Another example is the use of recycled building materials. In the case of recycled lumber, its use clearly reduces deforestation and saves the energy inputs needed to cut, mill, and transport additional lumber, so it is obviously a “green” alternative. However, to recycle an old window may be a false saving, if the climate is hot or cold and using the old window results in large energy inputs over the life of the building for heating and/or cooling. In this case, the use of the recycled window is definitely not green.
In today’s market, selling yourself or your product as “green” has proven to be a valuable marketing tool. In fact, “greenwashing” (representing a builder, building system, or product as “green” even when it isn’t) has become a real problem. So how is one to know what is truly green and what is not? Most of us don’t have the time, energy, or technical training to properly make this determination on our own. Fortunately, there are organizations out there whose business is to evaluate products, materials, and systems in an unbiased manner, so we can use their certifications and recommendations to help us to make truly green choices in our building decisions.
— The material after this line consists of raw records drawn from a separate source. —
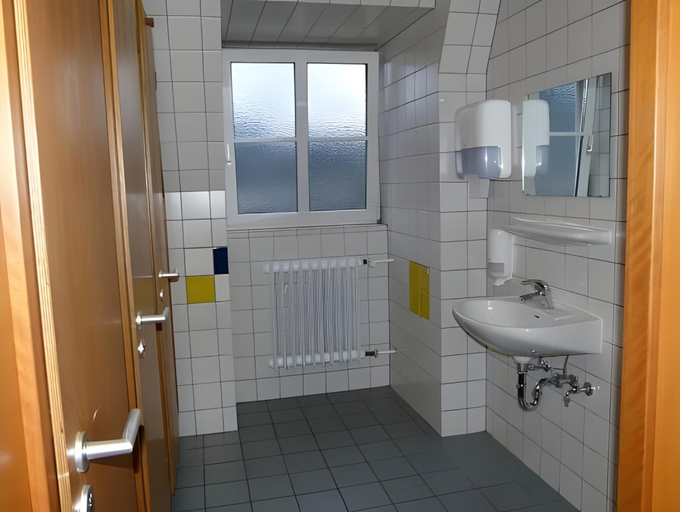 Bathroom 2, Kolping Hostel Trier im Warsberger Hof, Trier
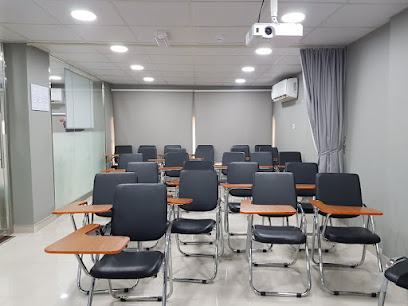 مركز نيوتن للتدريب العين - الشارقة - +971 3 764 7700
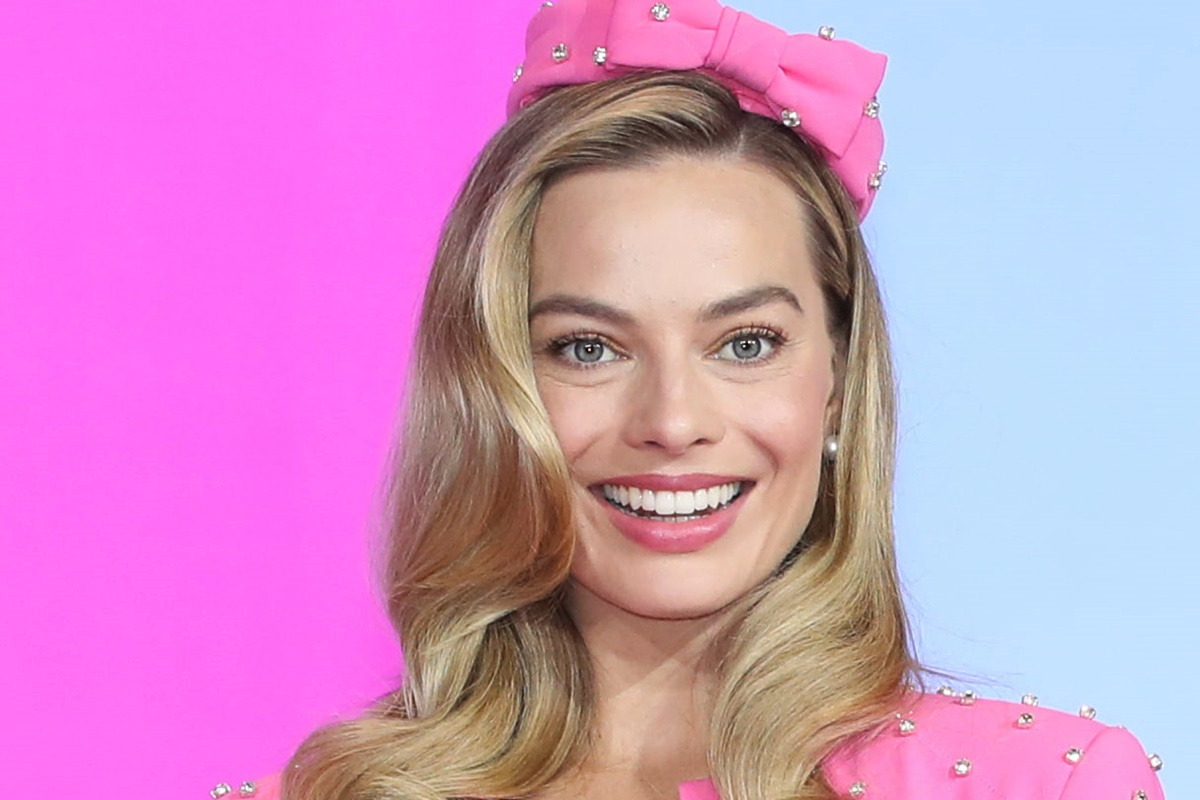 마고 로비 자동차 1.jpg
A great place to start is with BuildingGreen Inc.’s Green Building Products: The GreenSpec Guide to Residential Building Materials. This encyclopedia of green building materials includes paint, structural systems, certified lumber, appliances, site preparations, landscaping, and so on. Manufacturers do not pay to be included in GreenSpec, and the decisions about which products to be included in GreenSpec are based totally on criteria developed by the GreenSpec and Environmental Building News editorial teams. The introduction to Green Building Products offers an excellent description of what makes a product “green,” and they offer a huge amount of free information and articles at www.BuildingGreen.com.
There are independent “green” certification organizations whose stamps you can trust, but be aware that there are also several industry-sponsored look-alikes whose certifications are meaningless (greenwashing). For example, in general you can trust that the FSC (Forest Stewardship Council) stamp on lumber indicates that it was harvested by a lumber company that has gone through independent third-party certification to certify that it is operating using sustainable forest management practices. On the other hand, you can’t trust certification from industry-funded knock-offs like the Sustainable Forestry Initiative (SFI), which does not require independent, third-party certification, so that basically the fox is guarding the henhouse.
Other trustworthy, independent “green” certifications include LEED (Leadership in Energy and Environmental Design) and BEES (Building for Environmental and Economic Sustainability). Also, a set of standards is being developed for EPP (Environmentally Preferable Products) by a consortium of green-certification organizations such as Scientific Certification Systems (SCS), Green Seal, GreenBlue, and the Institute for Market Transformation to Sustainability (MTS). Even though LEED certification generally applies to commercial buildings and large-scale residential developments, the LEED principles for guiding and evaluating the design and construction process are just as applicable to smallscale residential buildings.